RECORDED DATA START

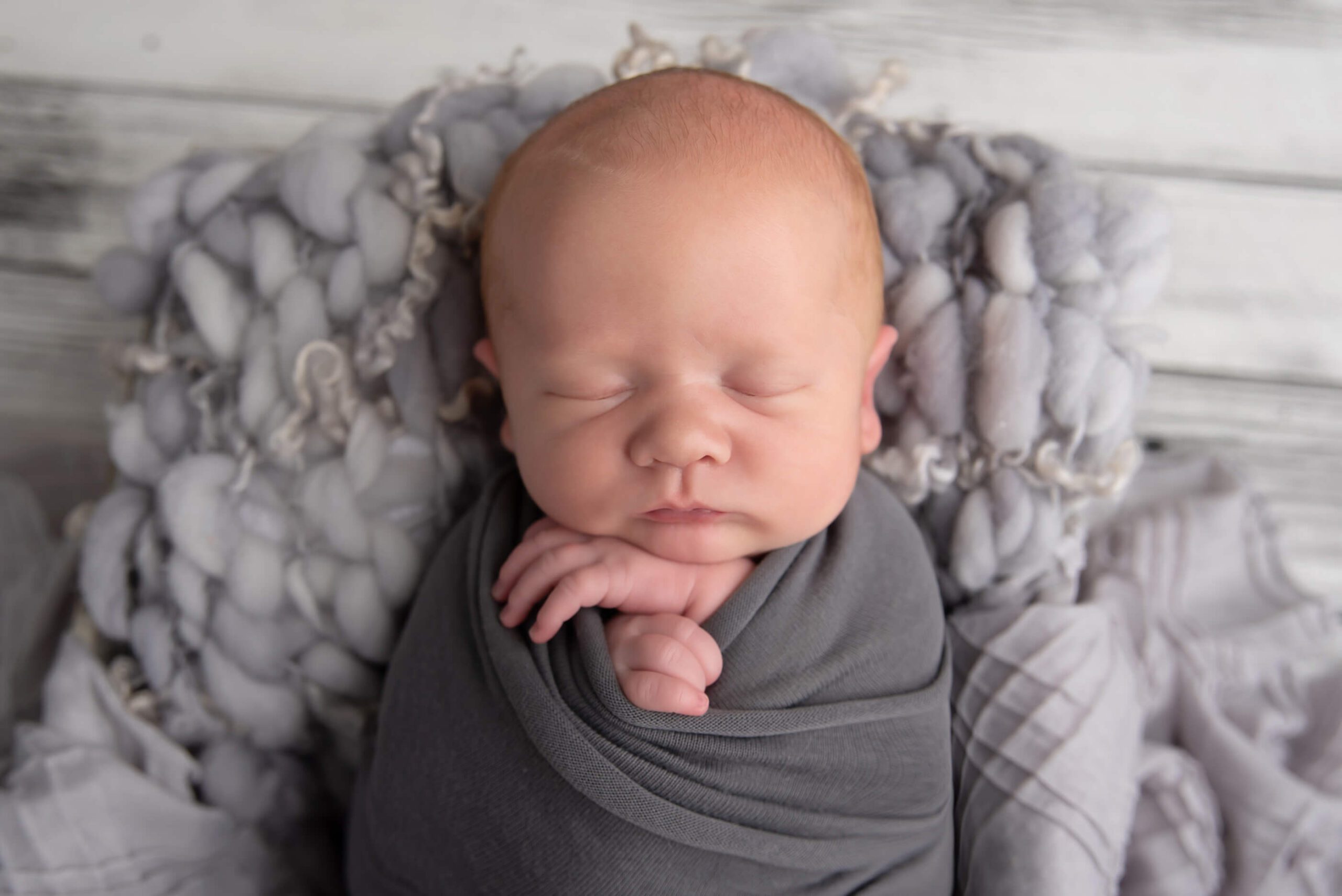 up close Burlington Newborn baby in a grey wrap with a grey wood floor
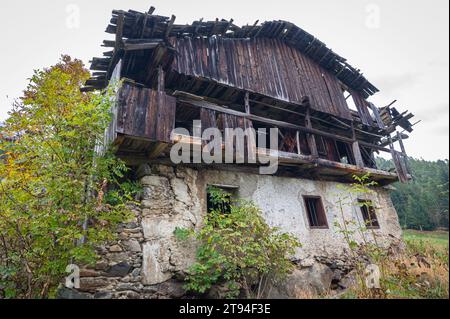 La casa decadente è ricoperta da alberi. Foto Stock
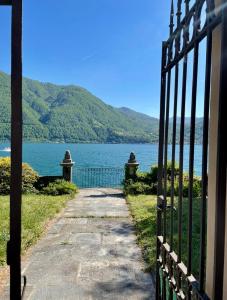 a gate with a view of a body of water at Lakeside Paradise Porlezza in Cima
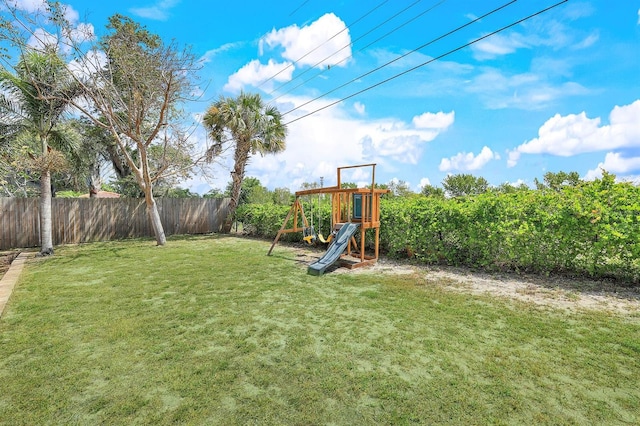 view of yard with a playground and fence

RECORDED DATA END

# YOUR OBJECTIVE:
What you return should match the material line for line, with the images removed.

# OUTPUT OF THE EXERCISE:
 up close Burlington Newborn baby in a grey wrap with a grey wood floor
 La casa decadente è ricoperta da alberi. Foto Stock
 a gate with a view of a body of water at Lakeside Paradise Porlezza in Cima
 view of yard with a playground and fence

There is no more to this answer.